> [Task brief] Write out every entry exactly as it appears.

> [Data supplied]

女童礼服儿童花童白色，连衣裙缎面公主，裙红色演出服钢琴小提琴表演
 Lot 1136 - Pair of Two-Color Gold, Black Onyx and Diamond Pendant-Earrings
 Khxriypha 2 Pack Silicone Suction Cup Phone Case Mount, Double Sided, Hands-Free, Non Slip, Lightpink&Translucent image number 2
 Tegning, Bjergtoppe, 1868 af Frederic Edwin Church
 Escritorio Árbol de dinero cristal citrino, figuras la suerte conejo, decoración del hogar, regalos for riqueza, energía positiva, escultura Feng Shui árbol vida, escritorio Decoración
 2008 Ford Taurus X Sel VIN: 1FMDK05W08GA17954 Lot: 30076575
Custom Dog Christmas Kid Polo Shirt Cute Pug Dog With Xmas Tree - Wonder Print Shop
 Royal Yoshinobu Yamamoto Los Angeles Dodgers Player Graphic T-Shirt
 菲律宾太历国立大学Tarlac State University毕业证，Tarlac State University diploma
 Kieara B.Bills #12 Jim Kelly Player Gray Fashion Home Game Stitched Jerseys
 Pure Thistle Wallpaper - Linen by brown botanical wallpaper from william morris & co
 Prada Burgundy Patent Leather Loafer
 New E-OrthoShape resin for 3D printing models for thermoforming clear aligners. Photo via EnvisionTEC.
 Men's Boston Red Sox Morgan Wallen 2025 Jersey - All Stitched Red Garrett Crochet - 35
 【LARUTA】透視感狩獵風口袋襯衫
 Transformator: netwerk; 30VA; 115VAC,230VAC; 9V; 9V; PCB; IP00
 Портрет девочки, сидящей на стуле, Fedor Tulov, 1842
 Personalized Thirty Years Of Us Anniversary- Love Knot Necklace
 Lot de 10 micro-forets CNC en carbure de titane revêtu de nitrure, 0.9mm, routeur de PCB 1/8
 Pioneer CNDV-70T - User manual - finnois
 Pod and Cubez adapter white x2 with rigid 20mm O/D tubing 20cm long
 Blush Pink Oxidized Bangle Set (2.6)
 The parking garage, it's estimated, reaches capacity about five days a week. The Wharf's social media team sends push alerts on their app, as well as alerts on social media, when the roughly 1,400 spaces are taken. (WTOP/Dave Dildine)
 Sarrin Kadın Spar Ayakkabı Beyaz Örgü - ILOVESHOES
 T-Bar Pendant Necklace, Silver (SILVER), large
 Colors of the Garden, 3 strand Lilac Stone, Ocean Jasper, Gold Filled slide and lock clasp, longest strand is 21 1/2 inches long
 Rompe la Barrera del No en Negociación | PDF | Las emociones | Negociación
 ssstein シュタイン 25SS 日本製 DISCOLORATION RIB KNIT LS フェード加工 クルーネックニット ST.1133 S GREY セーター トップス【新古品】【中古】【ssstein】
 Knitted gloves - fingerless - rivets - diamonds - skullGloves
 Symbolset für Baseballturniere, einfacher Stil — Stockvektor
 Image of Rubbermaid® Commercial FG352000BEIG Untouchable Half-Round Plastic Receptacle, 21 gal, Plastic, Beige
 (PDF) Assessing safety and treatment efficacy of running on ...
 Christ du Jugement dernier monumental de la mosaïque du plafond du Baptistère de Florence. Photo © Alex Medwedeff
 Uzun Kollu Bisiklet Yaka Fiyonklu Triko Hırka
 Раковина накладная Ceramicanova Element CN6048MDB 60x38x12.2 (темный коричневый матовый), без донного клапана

> [Response below]
女童礼服儿童花童白色，连衣裙缎面公主，裙红色演出服钢琴小提琴表演
 Lot 1136 - Pair of Two-Color Gold, Black Onyx and Diamond Pendant-Earrings
 Khxriypha 2 Pack Silicone Suction Cup Phone Case Mount, Double Sided, Hands-Free, Non Slip, Lightpink&Translucent image number 2
 Tegning, Bjergtoppe, 1868 af Frederic Edwin Church
 Escritorio Árbol de dinero cristal citrino, figuras la suerte conejo, decoración del hogar, regalos for riqueza, energía positiva, escultura Feng Shui árbol vida, escritorio Decoración
 2008 Ford Taurus X Sel VIN: 1FMDK05W08GA17954 Lot: 30076575
Custom Dog Christmas Kid Polo Shirt Cute Pug Dog With Xmas Tree - Wonder Print Shop
 Royal Yoshinobu Yamamoto Los Angeles Dodgers Player Graphic T-Shirt
 菲律宾太历国立大学Tarlac State University毕业证，Tarlac State University diploma
 Kieara B.Bills #12 Jim Kelly Player Gray Fashion Home Game Stitched Jerseys
 Pure Thistle Wallpaper - Linen by brown botanical wallpaper from william morris & co
 Prada Burgundy Patent Leather Loafer
 New E-OrthoShape resin for 3D printing models for thermoforming clear aligners. Photo via EnvisionTEC.
 Men's Boston Red Sox Morgan Wallen 2025 Jersey - All Stitched Red Garrett Crochet - 35
 【LARUTA】透視感狩獵風口袋襯衫
 Transformator: netwerk; 30VA; 115VAC,230VAC; 9V; 9V; PCB; IP00
 Портрет девочки, сидящей на стуле, Fedor Tulov, 1842
 Personalized Thirty Years Of Us Anniversary- Love Knot Necklace
 Lot de 10 micro-forets CNC en carbure de titane revêtu de nitrure, 0.9mm, routeur de PCB 1/8
 Pioneer CNDV-70T - User manual - finnois
 Pod and Cubez adapter white x2 with rigid 20mm O/D tubing 20cm long
 Blush Pink Oxidized Bangle Set (2.6)
 The parking garage, it's estimated, reaches capacity about five days a week. The Wharf's social media team sends push alerts on their app, as well as alerts on social media, when the roughly 1,400 spaces are taken. (WTOP/Dave Dildine)
 Sarrin Kadın Spar Ayakkabı Beyaz Örgü - ILOVESHOES
 T-Bar Pendant Necklace, Silver (SILVER), large
 Colors of the Garden, 3 strand Lilac Stone, Ocean Jasper, Gold Filled slide and lock clasp, longest strand is 21 1/2 inches long
 Rompe la Barrera del No en Negociación | PDF | Las emociones | Negociación
 ssstein シュタイン 25SS 日本製 DISCOLORATION RIB KNIT LS フェード加工 クルーネックニット ST.1133 S GREY セーター トップス【新古品】【中古】【ssstein】
 Knitted gloves - fingerless - rivets - diamonds - skullGloves
 Symbolset für Baseballturniere, einfacher Stil — Stockvektor
 Image of Rubbermaid® Commercial FG352000BEIG Untouchable Half-Round Plastic Receptacle, 21 gal, Plastic, Beige
 (PDF) Assessing safety and treatment efficacy of running on ...
 Christ du Jugement dernier monumental de la mosaïque du plafond du Baptistère de Florence. Photo © Alex Medwedeff
 Uzun Kollu Bisiklet Yaka Fiyonklu Triko Hırka
 Раковина накладная Ceramicanova Element CN6048MDB 60x38x12.2 (темный коричневый матовый), без донного клапана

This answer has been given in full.